[WHAT YOU ARE ASKED TO DO]:
Go through the entries below and print, exactly, the lines starting at the one with "Письменный стол Крейн-1" and ending at the one with "Srum Acide Hyaluronique", keeping both ends and no others.

[PROVIDED RECORDS]:
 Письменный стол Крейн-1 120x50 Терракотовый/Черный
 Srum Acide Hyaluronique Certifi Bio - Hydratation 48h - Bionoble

==

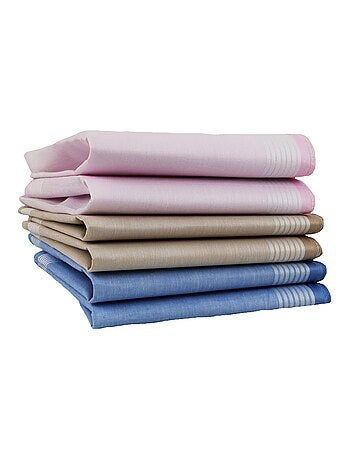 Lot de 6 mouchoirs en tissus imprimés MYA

[SOLUTION FOR THIS TASK]:
 Письменный стол Крейн-1 120x50 Терракотовый/Черный
 Srum Acide Hyaluronique Certifi Bio - Hydratation 48h - Bionoble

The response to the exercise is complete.